What this case illustrates to me is why ho important it is for lawyers to ask in any case involving bus drivers: If this bus driver had more training and supervision, or a proper medical history and examination, would this crash still have occurred?
Could these lives have been saved?
Little known fact: School bus driver training is scary and inadequate
To make matters worse, most people don’t realize that school bus drivers have very little training compared to other drivers of large commercial motor vehicles and buses.
So little that I’ve written about the terrible discrepancy in training. And nowhere is this discrepancy greater than where it matters most – protecting our most precious cargo of all — our kids.
This, too, is a serious public safety issue.
As I’ve reviewed before , a bus driver must hold a Commercial Drivers License (CDL) with a school bus endorsement. This often means less than 10 hours of training. School bus drivers are also exempt from the following FMCSRs:
- Driver qualification (including physical qualification and medical certification) regulations.
- Hours-of-service regulations.
- Vehicle maintenance and repair rules.
- Bus inspection program requirements.
- Vehicle operation regulations.
- Insurance and registration regulations.
In one of my school bus injury lawsuits, I told a jury that based on how this company hired this driver, it’s not an exaggeration to say nearly anyone can get behind the wheel of a big yellow bus, or stand in as a substitute or contract bus driver.

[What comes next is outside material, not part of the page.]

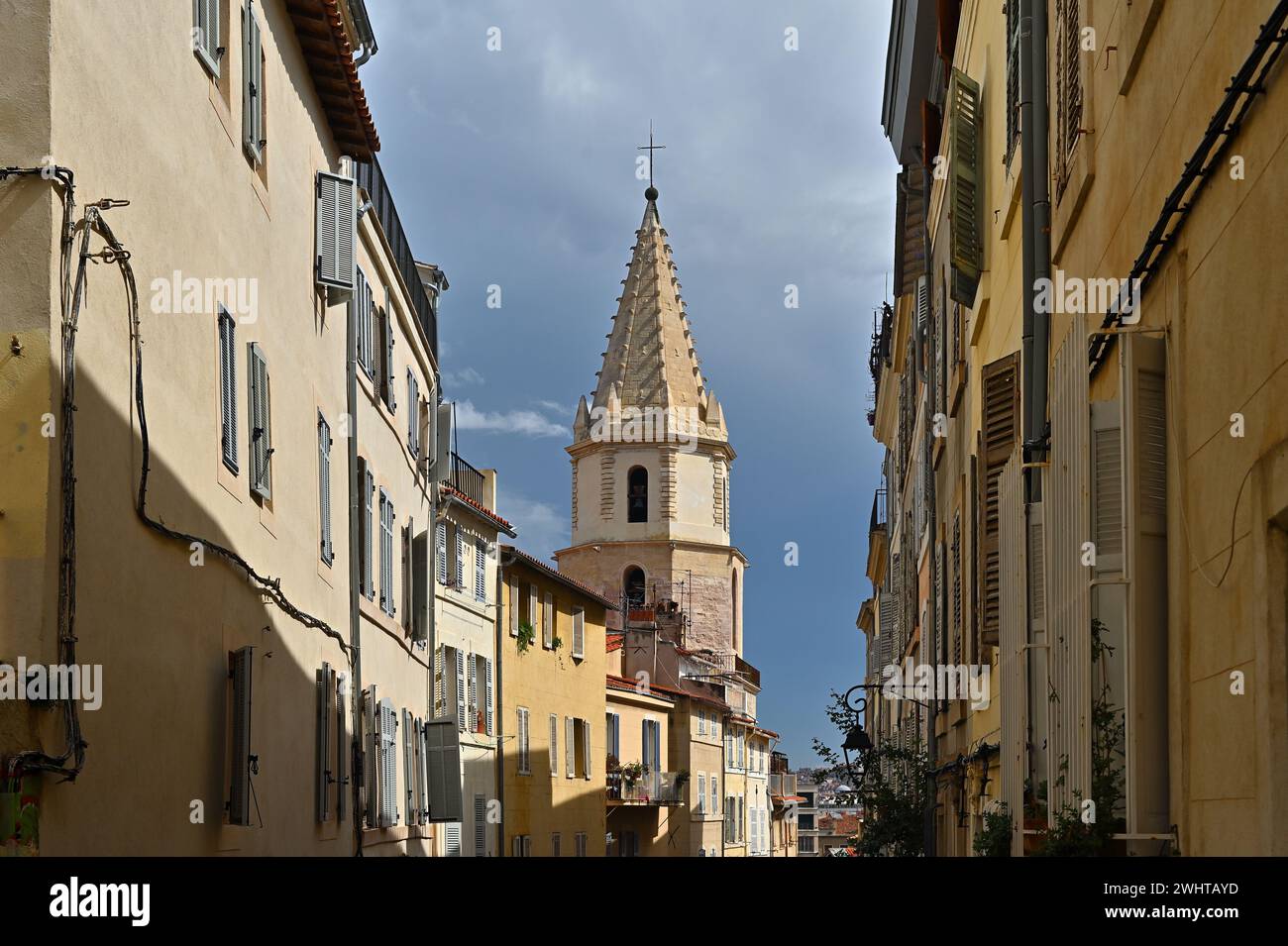 Kirche Notre-Dame-des-Accoules ab Montée des Accoules, Le Panier, Marseille, Provence, Franzisekirche Notre-Dame-des-Accoules ab Montée des AC Stockfoto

Many bus drivers are also part time and do not have benefits. For instance, Mr. Chappell was a contract worker. This also leads to better drivers going elsewhere, such as to the big commercial trucking jobs and exacerbates the problem of poorly trained or medically unfit bus drivers in the U.S.

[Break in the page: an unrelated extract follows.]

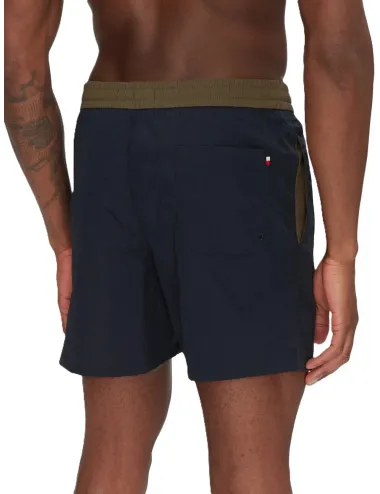 Boxer mare medio uomo dettaglio color block e logo UM0UM03455 Tommy Hilfiger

Many school bus drivers are people looking to pass time and make some extra money, or they are retirees or homemakers looking for extra income.
But we’re entrusting these people with driving these large, heavy and dangerous buses that are inherently difficult to drive. Most buses are tough to turn and they have many “no-zones” (blind spots). Small children may be easily hidden, and kids being kids, are often running near these big yellow buses.
Children are often the victims of this inadequate hiring.
Thankfully in the Baltimore bus crash, no children were injured. My hope is that this terrible tragedy shines a spotlight on bus safety and perhaps a constructive dialogue on how we can take a very dangerous but largely hidden situation and make it more safe.